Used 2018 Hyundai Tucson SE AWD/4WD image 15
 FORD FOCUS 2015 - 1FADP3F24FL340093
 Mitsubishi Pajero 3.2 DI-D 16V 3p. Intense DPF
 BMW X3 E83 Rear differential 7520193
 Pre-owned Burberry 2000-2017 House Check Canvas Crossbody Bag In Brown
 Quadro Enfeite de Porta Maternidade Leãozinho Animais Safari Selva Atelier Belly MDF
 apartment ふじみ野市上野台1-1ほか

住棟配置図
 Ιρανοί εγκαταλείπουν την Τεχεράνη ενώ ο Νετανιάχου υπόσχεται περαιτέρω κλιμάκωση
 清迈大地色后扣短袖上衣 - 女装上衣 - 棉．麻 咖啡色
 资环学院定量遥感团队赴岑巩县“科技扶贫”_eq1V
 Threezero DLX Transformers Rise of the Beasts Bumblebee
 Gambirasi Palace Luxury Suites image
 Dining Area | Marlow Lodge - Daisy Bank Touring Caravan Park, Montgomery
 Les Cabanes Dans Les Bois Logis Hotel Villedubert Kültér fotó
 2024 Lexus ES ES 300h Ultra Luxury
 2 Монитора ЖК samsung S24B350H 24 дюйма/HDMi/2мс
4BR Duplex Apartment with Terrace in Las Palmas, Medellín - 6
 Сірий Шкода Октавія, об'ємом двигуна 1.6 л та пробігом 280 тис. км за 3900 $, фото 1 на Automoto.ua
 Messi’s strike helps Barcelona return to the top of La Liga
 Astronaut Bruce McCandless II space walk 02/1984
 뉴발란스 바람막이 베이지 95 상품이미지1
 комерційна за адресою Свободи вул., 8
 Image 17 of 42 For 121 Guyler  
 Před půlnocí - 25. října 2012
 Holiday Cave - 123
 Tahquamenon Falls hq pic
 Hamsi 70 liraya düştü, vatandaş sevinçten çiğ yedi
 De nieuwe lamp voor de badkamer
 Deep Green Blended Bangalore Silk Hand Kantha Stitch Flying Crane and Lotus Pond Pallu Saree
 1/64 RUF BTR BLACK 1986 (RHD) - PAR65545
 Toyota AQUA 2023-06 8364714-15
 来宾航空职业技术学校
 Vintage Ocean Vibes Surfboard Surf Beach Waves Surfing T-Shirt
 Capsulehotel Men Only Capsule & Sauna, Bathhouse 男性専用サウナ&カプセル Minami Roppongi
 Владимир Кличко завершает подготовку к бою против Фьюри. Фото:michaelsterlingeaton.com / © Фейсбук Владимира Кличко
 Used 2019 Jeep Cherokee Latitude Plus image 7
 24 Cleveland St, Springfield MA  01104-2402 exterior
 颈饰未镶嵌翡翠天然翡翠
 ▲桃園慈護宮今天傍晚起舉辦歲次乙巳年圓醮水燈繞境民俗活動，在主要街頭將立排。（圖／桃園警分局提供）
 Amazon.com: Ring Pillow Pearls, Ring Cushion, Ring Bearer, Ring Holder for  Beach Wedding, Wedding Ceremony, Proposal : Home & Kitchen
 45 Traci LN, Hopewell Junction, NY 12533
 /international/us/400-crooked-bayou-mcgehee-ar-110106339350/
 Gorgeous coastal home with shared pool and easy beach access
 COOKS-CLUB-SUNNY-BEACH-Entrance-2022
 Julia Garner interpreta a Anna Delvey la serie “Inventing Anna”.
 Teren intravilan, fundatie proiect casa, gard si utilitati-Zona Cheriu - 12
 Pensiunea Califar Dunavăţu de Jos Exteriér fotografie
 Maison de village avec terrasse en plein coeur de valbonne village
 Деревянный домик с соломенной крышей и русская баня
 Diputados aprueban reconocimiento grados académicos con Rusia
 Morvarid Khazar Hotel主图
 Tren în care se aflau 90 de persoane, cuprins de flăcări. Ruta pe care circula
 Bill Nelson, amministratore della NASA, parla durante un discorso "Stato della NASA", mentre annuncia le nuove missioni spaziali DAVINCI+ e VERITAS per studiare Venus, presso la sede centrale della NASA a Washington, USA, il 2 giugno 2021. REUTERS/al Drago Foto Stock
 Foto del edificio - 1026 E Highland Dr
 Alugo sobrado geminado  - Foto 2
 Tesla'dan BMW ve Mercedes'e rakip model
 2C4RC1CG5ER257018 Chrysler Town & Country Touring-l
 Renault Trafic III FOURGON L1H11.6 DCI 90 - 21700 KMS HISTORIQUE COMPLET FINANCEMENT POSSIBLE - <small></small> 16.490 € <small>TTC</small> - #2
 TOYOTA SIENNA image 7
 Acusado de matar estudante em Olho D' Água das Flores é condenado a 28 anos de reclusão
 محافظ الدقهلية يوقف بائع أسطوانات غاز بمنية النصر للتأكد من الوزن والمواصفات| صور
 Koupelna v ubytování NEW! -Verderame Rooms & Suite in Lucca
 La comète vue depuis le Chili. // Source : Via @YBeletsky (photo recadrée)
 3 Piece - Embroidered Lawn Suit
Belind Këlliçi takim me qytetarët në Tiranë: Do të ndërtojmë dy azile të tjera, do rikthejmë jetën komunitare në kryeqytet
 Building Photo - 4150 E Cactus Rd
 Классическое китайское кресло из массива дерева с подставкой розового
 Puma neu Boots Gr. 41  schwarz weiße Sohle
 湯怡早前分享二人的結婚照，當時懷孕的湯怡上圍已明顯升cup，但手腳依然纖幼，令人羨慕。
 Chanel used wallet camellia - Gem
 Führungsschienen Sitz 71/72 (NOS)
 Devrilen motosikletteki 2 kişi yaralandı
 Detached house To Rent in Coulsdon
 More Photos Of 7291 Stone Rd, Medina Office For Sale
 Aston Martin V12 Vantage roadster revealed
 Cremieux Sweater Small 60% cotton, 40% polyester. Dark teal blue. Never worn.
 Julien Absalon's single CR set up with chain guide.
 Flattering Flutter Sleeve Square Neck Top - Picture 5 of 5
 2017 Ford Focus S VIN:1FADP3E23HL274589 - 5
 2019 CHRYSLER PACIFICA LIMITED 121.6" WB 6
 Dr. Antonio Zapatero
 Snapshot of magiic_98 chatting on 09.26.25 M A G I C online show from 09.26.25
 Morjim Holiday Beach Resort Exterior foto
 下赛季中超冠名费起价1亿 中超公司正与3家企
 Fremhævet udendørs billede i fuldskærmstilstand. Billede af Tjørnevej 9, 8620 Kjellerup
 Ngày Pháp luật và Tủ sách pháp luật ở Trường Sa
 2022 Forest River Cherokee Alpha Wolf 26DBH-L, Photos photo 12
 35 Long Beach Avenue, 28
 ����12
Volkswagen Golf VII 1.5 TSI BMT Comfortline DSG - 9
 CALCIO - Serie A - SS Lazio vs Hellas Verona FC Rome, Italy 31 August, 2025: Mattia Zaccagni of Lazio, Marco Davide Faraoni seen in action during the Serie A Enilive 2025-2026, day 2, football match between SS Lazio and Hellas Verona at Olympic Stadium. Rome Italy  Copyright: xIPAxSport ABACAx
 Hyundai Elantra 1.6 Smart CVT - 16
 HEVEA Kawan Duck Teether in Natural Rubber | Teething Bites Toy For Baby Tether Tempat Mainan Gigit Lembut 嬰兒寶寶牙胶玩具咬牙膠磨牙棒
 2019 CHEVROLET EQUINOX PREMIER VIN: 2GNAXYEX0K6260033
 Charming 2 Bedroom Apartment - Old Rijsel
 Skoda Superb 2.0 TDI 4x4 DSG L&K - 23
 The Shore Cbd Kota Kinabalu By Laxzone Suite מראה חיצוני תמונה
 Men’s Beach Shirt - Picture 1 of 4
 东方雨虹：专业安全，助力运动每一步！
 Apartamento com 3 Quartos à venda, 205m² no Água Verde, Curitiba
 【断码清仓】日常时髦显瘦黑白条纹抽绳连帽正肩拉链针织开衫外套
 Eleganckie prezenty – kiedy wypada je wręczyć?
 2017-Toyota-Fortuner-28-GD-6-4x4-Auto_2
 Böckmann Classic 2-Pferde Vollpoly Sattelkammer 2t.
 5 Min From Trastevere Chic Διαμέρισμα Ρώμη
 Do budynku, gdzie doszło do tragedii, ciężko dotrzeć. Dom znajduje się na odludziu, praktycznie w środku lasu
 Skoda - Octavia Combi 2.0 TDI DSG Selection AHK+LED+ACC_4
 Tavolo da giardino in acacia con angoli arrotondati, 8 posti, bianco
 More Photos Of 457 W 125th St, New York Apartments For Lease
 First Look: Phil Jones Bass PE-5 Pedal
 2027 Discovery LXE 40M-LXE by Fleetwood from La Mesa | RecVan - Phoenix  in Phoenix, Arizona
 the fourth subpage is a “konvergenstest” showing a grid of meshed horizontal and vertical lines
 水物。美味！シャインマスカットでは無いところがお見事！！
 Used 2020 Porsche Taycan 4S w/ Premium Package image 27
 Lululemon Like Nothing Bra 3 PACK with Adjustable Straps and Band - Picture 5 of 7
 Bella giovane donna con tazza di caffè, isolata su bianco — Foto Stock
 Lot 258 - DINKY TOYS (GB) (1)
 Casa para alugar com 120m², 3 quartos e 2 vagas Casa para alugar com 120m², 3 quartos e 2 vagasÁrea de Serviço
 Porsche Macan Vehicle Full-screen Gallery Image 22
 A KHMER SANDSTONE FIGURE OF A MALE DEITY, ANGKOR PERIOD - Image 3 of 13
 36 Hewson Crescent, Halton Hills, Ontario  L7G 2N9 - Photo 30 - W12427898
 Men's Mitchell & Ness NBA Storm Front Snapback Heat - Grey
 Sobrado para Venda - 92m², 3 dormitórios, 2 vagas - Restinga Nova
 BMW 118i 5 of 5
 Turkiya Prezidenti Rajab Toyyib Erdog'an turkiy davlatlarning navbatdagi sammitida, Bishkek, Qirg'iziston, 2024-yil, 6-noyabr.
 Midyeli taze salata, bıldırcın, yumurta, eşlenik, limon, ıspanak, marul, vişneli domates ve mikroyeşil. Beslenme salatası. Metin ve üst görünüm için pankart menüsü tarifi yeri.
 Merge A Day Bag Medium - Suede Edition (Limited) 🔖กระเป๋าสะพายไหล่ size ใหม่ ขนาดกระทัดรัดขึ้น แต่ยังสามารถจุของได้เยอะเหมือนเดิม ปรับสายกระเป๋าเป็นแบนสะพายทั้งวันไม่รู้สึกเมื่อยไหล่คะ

........

[WHAT YOU NEED TO DO] Could you restate word for word the lines above, from the one that contains "1/64 RUF BTR BLACK 1986 (RHD) - PAR65545" through the one that contains "Morvarid Khazar Hotel主图", and no others?

[EXERCISE ANSWER]
 1/64 RUF BTR BLACK 1986 (RHD) - PAR65545
 Toyota AQUA 2023-06 8364714-15
 来宾航空职业技术学校
 Vintage Ocean Vibes Surfboard Surf Beach Waves Surfing T-Shirt
 Capsulehotel Men Only Capsule & Sauna, Bathhouse 男性専用サウナ&カプセル Minami Roppongi
 Владимир Кличко завершает подготовку к бою против Фьюри. Фото:michaelsterlingeaton.com / © Фейсбук Владимира Кличко
 Used 2019 Jeep Cherokee Latitude Plus image 7
 24 Cleveland St, Springfield MA  01104-2402 exterior
 颈饰未镶嵌翡翠天然翡翠
 ▲桃園慈護宮今天傍晚起舉辦歲次乙巳年圓醮水燈繞境民俗活動，在主要街頭將立排。（圖／桃園警分局提供）
 Amazon.com: Ring Pillow Pearls, Ring Cushion, Ring Bearer, Ring Holder for  Beach Wedding, Wedding Ceremony, Proposal : Home & Kitchen
 45 Traci LN, Hopewell Junction, NY 12533
 /international/us/400-crooked-bayou-mcgehee-ar-110106339350/
 Gorgeous coastal home with shared pool and easy beach access
 COOKS-CLUB-SUNNY-BEACH-Entrance-2022
 Julia Garner interpreta a Anna Delvey la serie “Inventing Anna”.
 Teren intravilan, fundatie proiect casa, gard si utilitati-Zona Cheriu - 12
 Pensiunea Califar Dunavăţu de Jos Exteriér fotografie
 Maison de village avec terrasse en plein coeur de valbonne village
 Деревянный домик с соломенной крышей и русская баня
 Diputados aprueban reconocimiento grados académicos con Rusia
 Morvarid Khazar Hotel主图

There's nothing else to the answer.